Le sanatorium de Bhannès (RFL).
Le sanatorium de Bhannès (RFL).

L’Association des Français Libres et sa revue ont apporté à l’histoire de la France Libre une énorme contribution. Il est un chapitre de cette histoire qui mériterait une étude d’ensemble, c’est l’action de la France Libre en Syrie et au Liban. Ce rôle n’a pas manqué de détracteurs et, même parmi les Français du Levant, certains ne se sont pas rendu un compte exact de l’activité que nos chefs et nos techniciens ont exercée dans les territoires du Levant (en dehors même des faits de guerre) et des prodiges d’organisation et de travail qu’ils ont déployés dans des conditions fort difficiles. Que le ravitaillement de la population ait été parfait (alors que la Palestine voisine souffrait de lourdes restrictions), que la justice, la police, l’instruction publique et toutes les administrations, malgré un personnel dirigeant restreint, aient donné toute satisfaction, que les transmissions aient continué leur précieuse fonction bien que les vichystes aient laissé un matériel délabré, ce furent autant de tours de force (qu’on a trouvés tout naturels !). En dehors de ces activités civiles, il faudrait une plume plus compétente que la mienne pour dire comment le matériel automobile a pu continuer à rouler alors que notre « Parc de Gaulle » ne recevait plus de pièces d’origine, comment la défense des côtes a été improvisée et organisée de façon efficace avec un personnel de fortune, comment la paix a pu régner de façon absolue jusqu’aux événements de 1945 (qui ne peuvent être, comme on le sait, portés à notre passif). Tout cela a été réalisé par un nombre infime de Français dont la plupart venaient des quatre points cardinaux, ne connaissaient pas le pays, n’étaient pas spécialisés, et dont beaucoup étaient dans des conditions physiques médiocres, les plus robustes et les plus jeunes étant partis faire campagne.

Il y a eu, véritablement, un miracle de la France Libre au Liban et en Syrie. Il faudrait qu’il soit un jour conté dans un ouvrage, qui ferait connaître les prodiges de notre état-major, de notre délégation, de notre administration civile, et qui dirait aussi les précieux concours que nous avons trouvés chez nos amis Syriens et Libanais.
C’est pour apporter une petite pierre à cette œuvre d’histoire que je veux dire quelques mots du Groupement des médecins de culture française et de la Revue médicale du Moyen-Orient.
L’idée de ces deux organismes paraît revenir à M. Cassin, alors commissaire à l’Instruction publique du Comité national de Londres, et au médecin-général inspecteur Sicé, alors haut-commissaire de l’A.E.F. Le médecin-général Guirriec, directeur du Service de santé au Levant, comprit aussitôt la haute utilité de ce projet et toute l’ampleur qu’il fallait lui donner, et choisit rapidement un comité organisateur.
Le Groupement des médecins de culture française tint sa première réunion à Beyrouth le 26 mai 1942. II recueillit rapidement de multiples adhésions parmi les médecins militaires ou engagés volontaires français, les médecins libanais et syriens, des confrères de Palestine et d’Égypte. Il faut surtout souligner l’appui unanime que lui donnèrent toute la faculté française de médecine de Beyrouth et son éminent chancelier le R. P. Dupré La Tour. Des sections furent créées en Syrie, en Égypte, en Palestine, cette dernière section devant tenir pour son propre compte des réunions grâce à l’activité du médecin-capitaine Champenois, chirurgien de l’hôpital de Bethléem et à la collaboration sympathique des maîtres de l’hôpital Hadassa. Il serait trop long de citer toutes les personnalités qui s’inscrivirent au groupement et l’aidèrent efficacement; que ceux qui auraient aimé lire ici leur nom veuillent bien m’excuser.
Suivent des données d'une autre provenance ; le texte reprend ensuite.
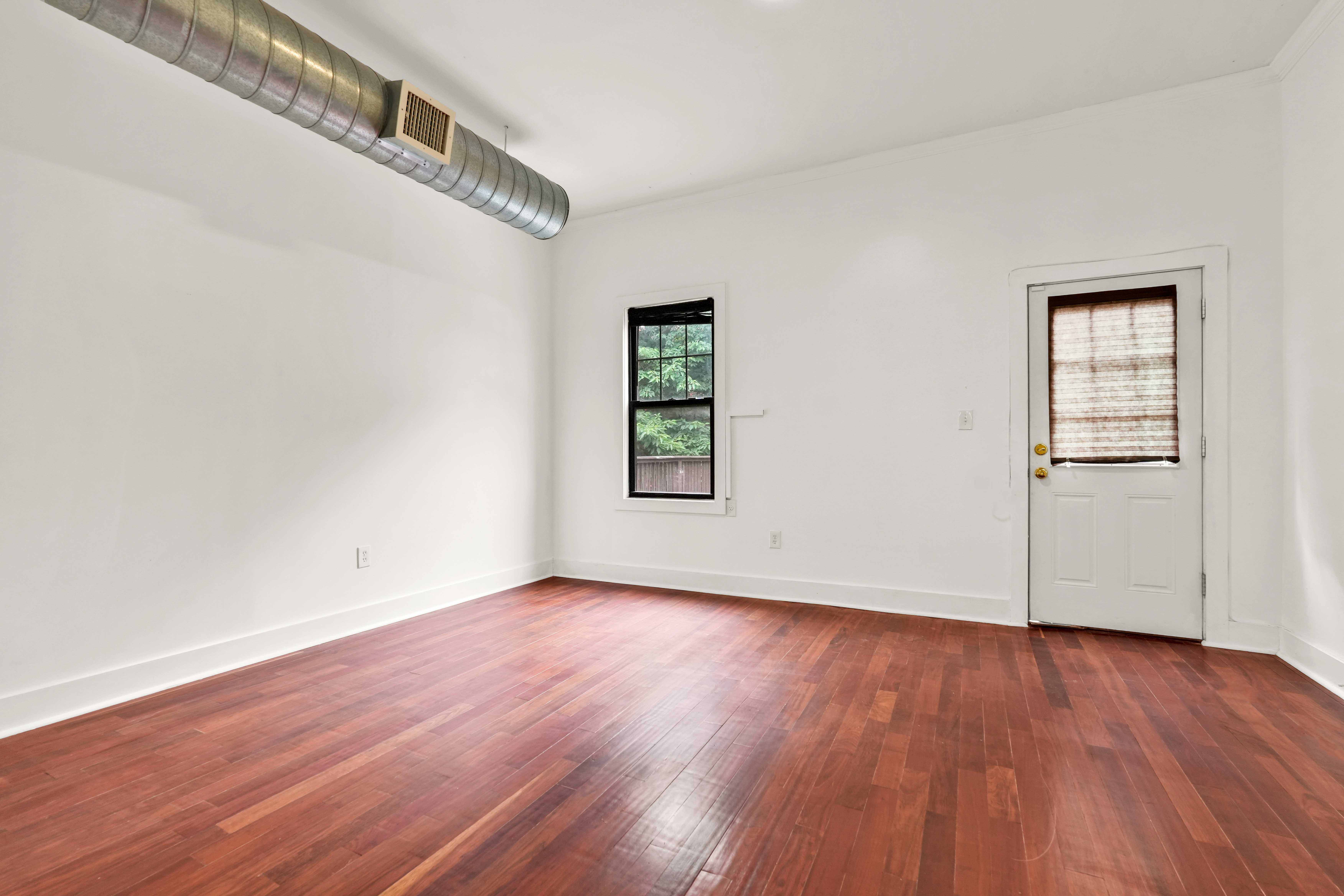 17 A Suydam Place, Unit 2 Brooklyn, NY 11233 - Photo 5 of 28 an empty room with wooden floor and windows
On aurait pu croire qu’une société médicale française fondée en 1942 à une époque difficile et angoissante, loin de la mère patrie, privée de l’apport des publications médicales françaises, ne recevant de périodiques étrangers qu’au compte-gouttes, société composée en partie d’élément militaire instable, on aurait pu croire qu’une telle société n’était pas viable.
Or, cette société fit incontestablement œuvre utile; son bilan scientifique est loin d’être négligeable, Une séance habituellement présidée par le général Guirriec ou le Pr. Cottard, fut tenue régulièrement le troisième mardi de chaque mois, sauf pendant les quatre mois d’été. Il y eut en général trois à quatre communications à chaque réunion, suivies de discussions le plus souvent animées. Dès la première année elles dépassèrent la cinquantaine (à Beyrouth et à Jérusalem). Les communications paraissaient le mois suivant dans la revue.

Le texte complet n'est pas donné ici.